Theresa May's confidence vote win only reveals how doomed her Brexit deal is
- Theresa May's confidence vote victory has only revealed the huge scale of the difficulties she faces.
- The prime minister has lost the support of more than a third of her MPs as she attempts to lead a minority government through the most difficult parliamentary process any prime minister has faced for decades.
- It is harder than ever before to see how May gets her Brexit deal through Parliament.
- If the prime minister cannot guide Britain through Brexit, then the end of her premiership and government still looks inevitable.
LONDON - The attempt to oust Theresa May by Conservative MPs may have failed tonight - but this was not a victory for the prime minister.
More than a third of Conservative MPs declared their lack of confidence in the prime minister meaning that her chances of getting her Brexit deal and the legislation needed to implement it through Parliament look even more distant than they did before.

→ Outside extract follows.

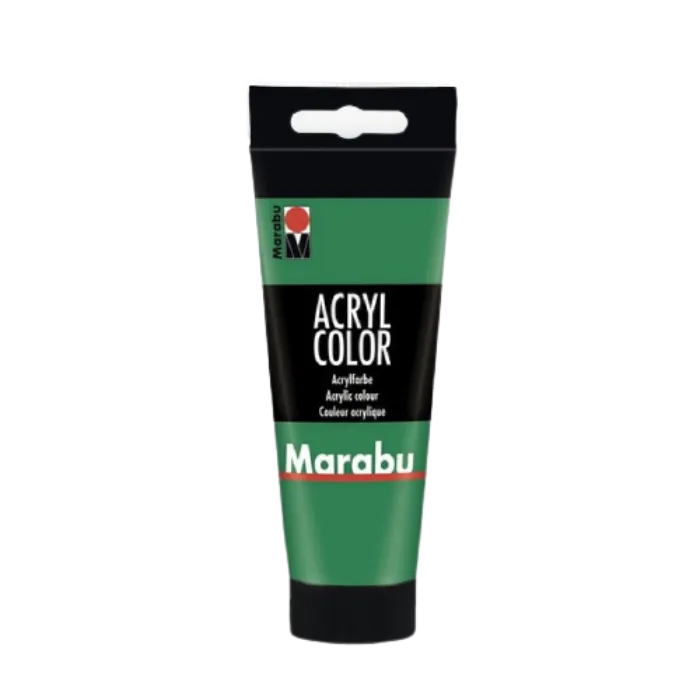 Acrylic Colour Marabu 100Ml 067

On Monday, May was forced to cancel the parliamentary vote on her Withdrawal Agreement due to fears that she would lose by more than 100 votes. Tonight she lost the public support of 117 MPs in her own party alone.

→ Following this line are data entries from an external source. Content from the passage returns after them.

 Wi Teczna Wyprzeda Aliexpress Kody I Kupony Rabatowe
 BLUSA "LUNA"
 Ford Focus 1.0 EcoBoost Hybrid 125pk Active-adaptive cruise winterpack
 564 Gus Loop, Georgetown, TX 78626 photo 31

With just seven Conservative MPs required to vote against her deal for it to fail, and with the Democratic Unionist Party still committing to vote it down, the prospect for May's deal look bleaker than ever.
And without the ability to pass that deal, the chances of May's premiership and government surviving until the end of the Brexit process look slim.
It could have been even worse for the prime minister. The result tonight came only after May was forced to declare that she will stand down before the next scheduled general election in 2022.
Yet by making that commitment, May has merely triggered the starting gun on the race to replace her.
When the prime minister returns to talks with the European Union in Brussels on Thursday she will do so as a leader whose days are, by her own admission, now numbered.
And crucially she will do so as a prime minister who has lost the support of both the DUP which props up her minority government and a huge chunk of her own party as well.
When the former prime minister Margaret Thatcher lost the support of 200 of her own MPs she was forced to resign.
Tonight May lost the support of a much bigger percentage of her parliamentary party and she did so at a time when she needed their support in parliament to a much bigger degree than her predecessor.
In both examples the game was up for the prime minister. The only difference is that while Thatcher realised this, May apparently has not.